2. The system as defined by claim 1 wherein said resistive means has an impedance which is more than twice as great as the input impedance of said cathode.
3. In a video display apparatus which includes a cathode ray tube having a plurality of electron guns and means for deriving a respective plurality of excitatory voltage signals representative of color picture information; a system for balancing the screen color temperature of said cathode ray tube, comprising: a plurality of means for respectively amplifying said plurality of voltage signals; a plurality of constant current means, each including resistive means coupling an amplified voltage signal to the cathode of its respective electron gun, each of said resistive means having an impedance which is substantially greater than the input impedance of the cathode of its respective electron gun; and a plurality of capacitive means in parallel with said constant current means for shunting high frequency voltage signals across said constant current whereby the current applied to each cathode is substantially dependent only upon its respective voltage signal and is relatively insensitive to variations in the characteristics of the cathode.
4. The system as defined by claim 3 wherein each of said resistive means has an impedance which is more than twice as great as the input impedance of the cathode of its respective electron gun.
This invention relates to improvements in video display apparatus and, more particularly, to a system for stabilizing the display intensity or "color temperature" of a cathode ray tube.
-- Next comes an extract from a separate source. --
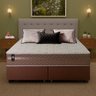 Conjunto Cama Box Super King c/ Molas Ensacadas Georgia Marrom 193x203x60 - 2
The subject matter of this invention is related to subject matter disclosed in copending U.S. application Ser. No. 572,169 and now U.S. Pat. No. 4,012,775 of C. W. Smith, filed of even date herewith and assigned to the same assignee.
Conventional television display systems employing kinescope cathode ray tubes are subject to performance degradation resulting from instabilities in the operating characteristics of the kinescope or the circuits which drive or bias the kinescope. Prior techniques have been developed which serve to stabilize the signals driving a kinescope. For example, the drive voltages applied to the cathodes of a color kinescope can be stabilized using a feedback scheme; e.g., circuitry which periodically senses the drive voltage at input "black" and "white" levels of operation and corrects for deviations from standard reference voltages by gain adjustment. DC voltages applied to the kinescope can also be stabilized by using precise voltage regulation techniques.
There remains, however, the recognized problem of kinescope electron gun drift which manifests itself as a drift in screen color temperature in a three gun color kinescope. As the electron guns age, their generated beam current per unit of applied voltage (which can be considered a transconductance function) varies, the variations being generally non-uniform in the three different guns. This is a cause of noticeable and undesirable drifts in the display screen color.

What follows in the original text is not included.